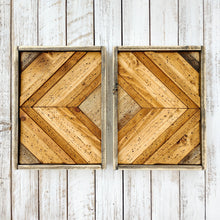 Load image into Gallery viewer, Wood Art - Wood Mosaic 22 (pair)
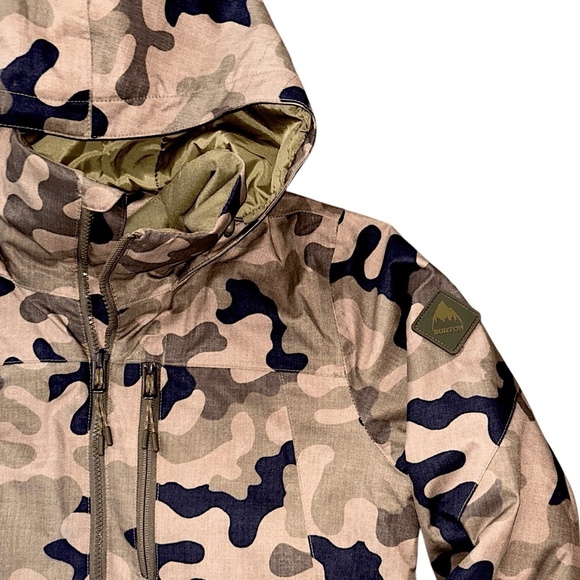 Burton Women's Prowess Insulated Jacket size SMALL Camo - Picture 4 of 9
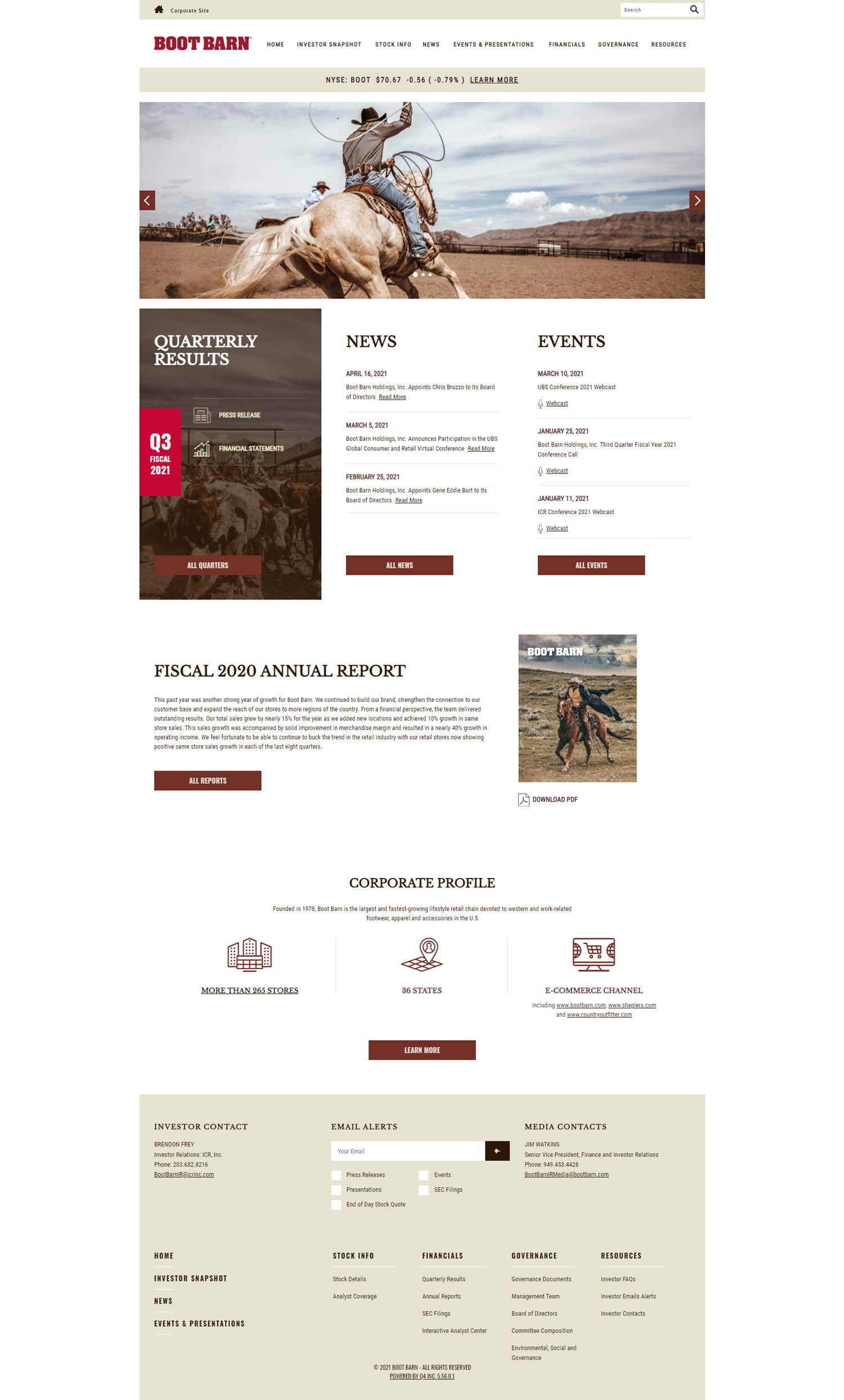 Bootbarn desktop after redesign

What to work on:
Every line of the data above should be quoted exactly. Omit the pictures.

Expected output:
 Load image into Gallery viewer, Wood Art - Wood Mosaic 22 (pair)
 Burton Women's Prowess Insulated Jacket size SMALL Camo - Picture 4 of 9
 Bootbarn desktop after redesign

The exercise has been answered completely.